Memo to the PQ: there aren’t that many Quebecers in the top-income brackets


(Mathieu Belanger/Reuters)

Imposing higher income tax rates on high earners is one thing; expecting the measure to produce large amounts of new revenue is something else entirely. There are two problems with the idea that increasing the tax rates for high earners is the same thing as generating significant new revenues:

  • There aren’t many high earners.
  • High earners have access to high-quality tax planning advice.

You can add the fact that high earners are mobile, but this is a longer-term, cumulative effect: the number of high earners who leave in a given year will increase slightly, and the number of high earners who arrive will decrease. But the point remains that when governments raise tax rates, high earners will react by finding ways to reduce their tax burden.

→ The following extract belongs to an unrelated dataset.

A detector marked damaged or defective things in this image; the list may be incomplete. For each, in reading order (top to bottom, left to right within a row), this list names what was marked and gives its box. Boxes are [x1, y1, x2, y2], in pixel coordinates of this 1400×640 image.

One response to this is: “Don’t high earners already do their best to minimise their tax burden? Why would they change what they’ve already put in place?” The answer is that there are a myriad of options available to reduce taxes, each with their own costs. When tax rates are low, some measures are too costly to justify using. But as tax rates increase, the number of cost-effective tax-avoidance tactics increases.

Which brings us to the newly-elected Parti Québécois government’s plan to increase the income tax rates faced by high earners. Readers who are not overly math-averse can check out my long post on Worthwhile Canadian Initiative that works through the arithmetic of dynamic scoring as it applies to the PQ proposal. The basic point is that taking behavioural responses into account reduces estimates for revenues by about half of what you’d expect if you assumed that high earners would passively accept the new rates.

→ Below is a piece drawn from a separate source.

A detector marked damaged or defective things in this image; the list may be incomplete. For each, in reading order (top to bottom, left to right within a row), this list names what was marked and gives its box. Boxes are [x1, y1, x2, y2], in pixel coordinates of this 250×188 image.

But the point I want to make here is the first one: there simply aren’t that many high-earning Quebecers, relative to the Canadian average:

Even though 24 per cent of 2009 federal tax files originated in Quebec, these accounted for only 16 per cent of tax files reporting total incomes above $150,000. Contrast this with Alberta, where 10 per cent of Canadian tax files accounted for 20 per cent of those earning more than $150,000.

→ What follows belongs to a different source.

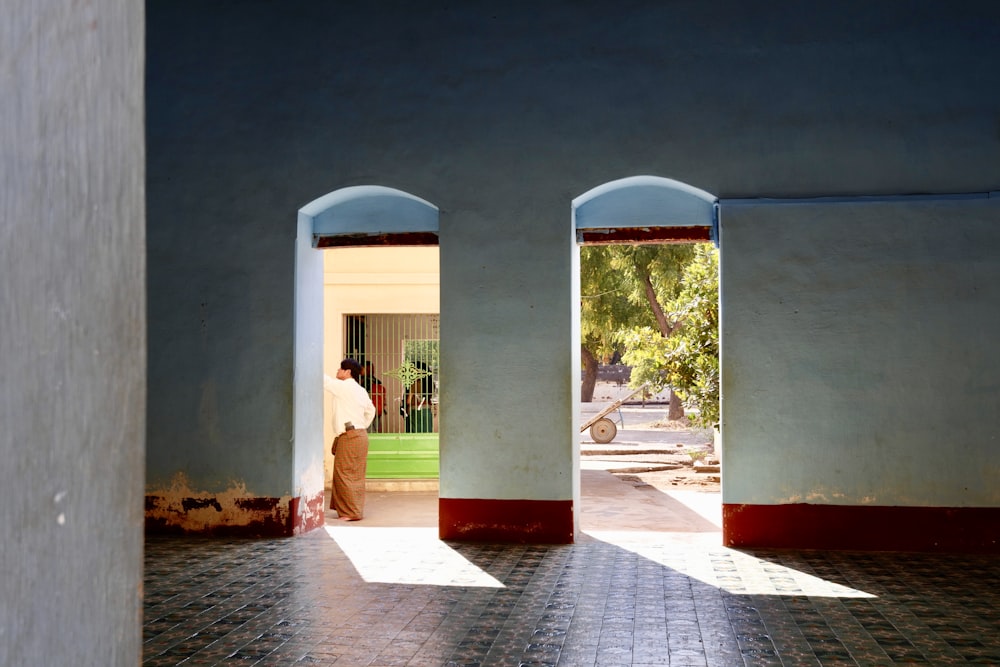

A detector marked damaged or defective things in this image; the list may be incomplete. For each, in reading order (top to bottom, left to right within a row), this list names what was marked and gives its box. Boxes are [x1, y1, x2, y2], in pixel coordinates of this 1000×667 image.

Another way of looking at it is the share of total income going to high earners—this is a measure we’ve been seeing a lot of lately. Here are the income shares for federal tax files; for Quebec, I’ve added the numbers from the provincial tax files.

The share of income going to high earners in Quebec is smaller than the national average and has been increasing more slowly: see here for more, as well as a discussion of how language may explain some of the gap.

There simply aren’t that many high-earning Quebecers to tax. When coupled with the sort of tax-avoiding responses that can be expected of this subgroup, this means that there isn’t much in the way of extra revenue the PQ can extract from increasing tax rates at the top of the income distribution.